How to Cook Medieval - Medieval & Renaissance Wedding Feasts


----------



## voivod

what is "xtian"???


----------



## snix11

xtian like xmas is christian... they say it alot in texas for some reason


----------



## Deejo

My open marriage bisexual friends, who of course are still happily married after 15 years (to my knowledge) had a pagan wedding, including the hand-fasting ceremony.
And yep, it was done in full medieval garb, out in the great wide open of a state park. 
Without a doubt, it was one of the most memorable weddings I have attended. As we say in Massachusetts, "It was wicked bizzah." 
The ceremony itself was lovely.

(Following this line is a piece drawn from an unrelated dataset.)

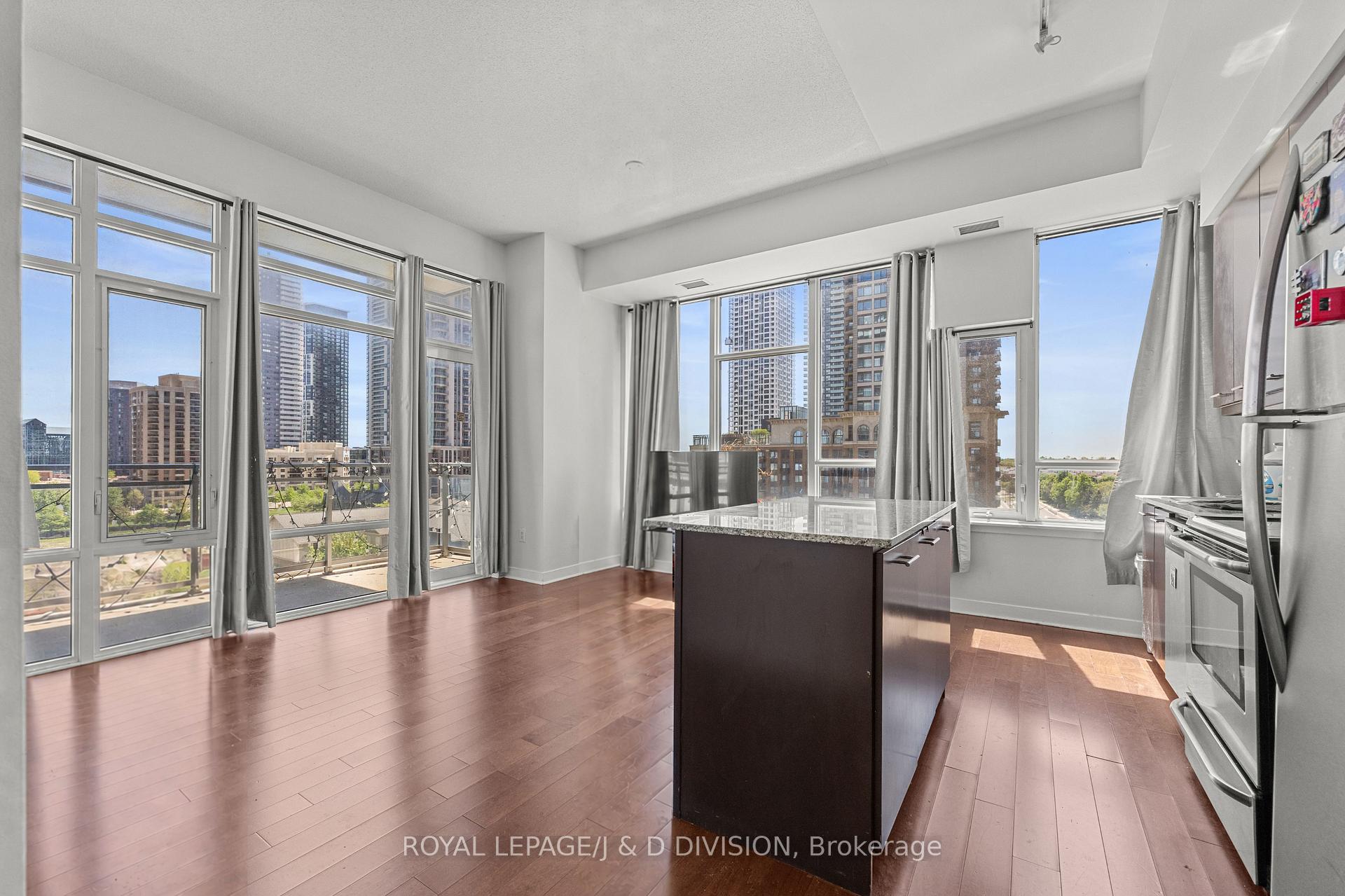 360 Square One Drive #604, Mississauga, ON, L5B 0G7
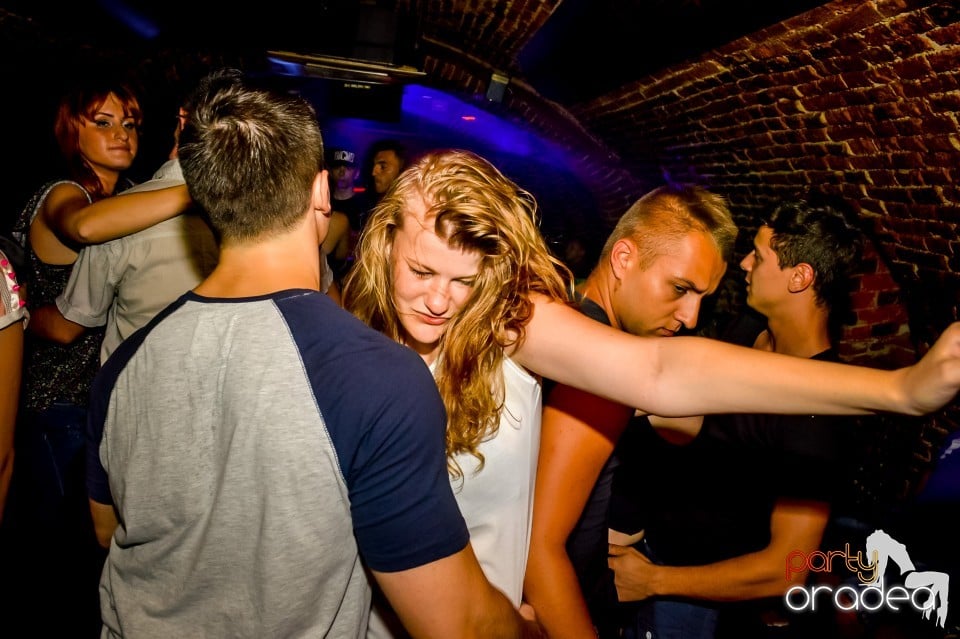 Summer night clubbing,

The handfasting was cool, and each recited their own written vows to the other ... none of this 'repeat after me' stuff.


----------



## snix11

that sounds perfect Deejo, thanks


----------



## Deejo

I should also throw in that we had friends have a traditional ceremony, gown, tux, and minister, but they incorporated hand-fasting into their exchange of vows.


----------



## snix11

interesting... so many ways to commit


----------



## Mpulse

snix11 said:


> interesting... so many ways to commit


And EVERYONE loves to be committed


M


----------



## marina72

snix,,, handfasting is actually part of a Christian sacrament called marriage, most likely originated from celtic traditions as did many traditions in the christian religion. I have personal experience with this, as I am Episcopalian (Christian) and at my marriage ceremony, at my church, our priest did the handfasting ceremony, after the vows...it simply has a symbolic meaning, that two have become one.... he wrapped my husbands and mine hand, in his robe scarf, and then said a blessing.... that's the experience I have with it.


----------



## marina72

Yes, you're right it is pretty much the same meaning, just with different materials. It was really neat, and he and I both really enjoyed it. It was neat to have it included too, since we are both of celtic ancestory. I didn't realize till talking to our priest , just how many people include the handfasting and unity candle in their ceremonies. It's a very popular thing, probably because it's so intimate like you said.


----------



## voivod

snix11 said:


> xtian like xmas is christian... they say it alot in texas for some reason


te-Christ-as???


----------



## JadedSarah

first off hand fasting is and was a pagan tradition that was incorporated into Christianity, kinda like Christmas at yule even though Jesus was born in the spring, and eggs and bunnies at Easter. I can show you tons of examples of this, but thats neither here nor there. 

The wedding ceremony is about your commitment to each other and pledging yourself to the other. The red cord that is often used symbolizes this commitment of your love visually. I have had friends that incorporated it into that standard civil ceremony so that it just seemed like the end cap to the ceremony. Both say i do, get wrists wrapped in cord together while the officiant says how this cord symbolizes your bond to each other, and then declares you man and wife. That seems to be the most common form of handfasting now a days because it does not make anyone feel uncomfortable at your ceremony but still allows you to incorporate your beliefs and cultures into it.


----------



## JDPreacher

The last wedding I performed had hand fasting and it was a debacle only because there were too many people tying...and very out of order.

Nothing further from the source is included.